Contactée par l'AFP, la présidente de la Fondation des femmes s'en inquiète. "Il suffirait qu'on ait un Parlement avec une majorité conservatrice, et l'avortement pourrait être interdit", a réagi Anne-Cécile Mailfert. Si, aujourd'hui, aucune force politique ne promet de remettre en cause ce droit, certains propos peuvent semer le doute. Lors de la présidentielle 2012, Marine Le Pen s'était notamment attiré des critiques en proposant de dérembourser les "avortements de confort". 

Dans une interview accordée à Brut au printemps dernier, la candidate du Rassemblement national avait essayé de mettre les choses au clair. "J'ai bien vu que ça avait beaucoup choqué quand j'avais évoqué à l'époque ce terme qui était un terme d'ailleurs utilisé par une médecin, qui était le terme d''avortement de confort'", a-t-elle répondu.

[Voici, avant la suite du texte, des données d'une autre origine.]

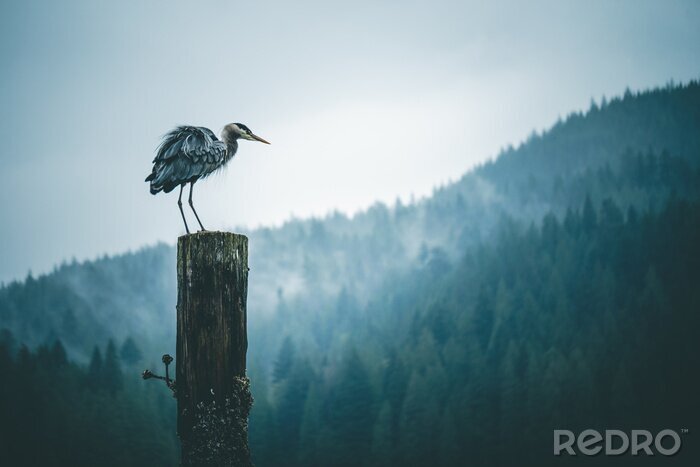 Bild Reiher Vogel im Hintergrund der Berge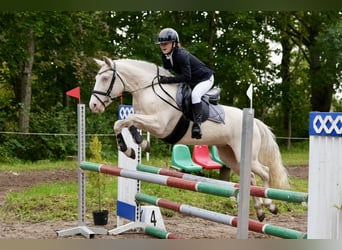 Classic Pony, Stute, 8 Jahre, 144 cm, Cremello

En revanche, elle se disait toujours "contre l'allongement de la durée de l'interruption volontaire de grossesse" de 12 à14 semaines. Ce qu'a redit samedi matin sur franceinfo le porte-parole du Rassemblement national, Philippe Ballard. "On est souverainistes, donc on ne va pas se mêler des affaires des autres", a éludé le député de l'Oise. "La loi Veil [consacrant ce droit en France], on n'y touche pas".

Le Parlement français pourrait-il abroger le droit à l'IVG ? "Ça pourrait arriver mais, pour cela, il faudrait qu'une majorité se prononce dans ce sens, et j'ai de gros doutes sur ça", réagit auprès de BFMTV Gwénaële Calvès, professeure de droit public et constitutionnel. "En France, il y a des problèmes d'accès à l'IVG et des difficultés pour le rendre effectif. Mais nous ne sommes pas menacés par une abrogation de la loi Veil". Selon elle, le problème est "très spécifique aux Etats-Unis". Mis à part en Pologne, dit-elle, "on n'imagine mal que cela puisse arriver ailleurs en Europe".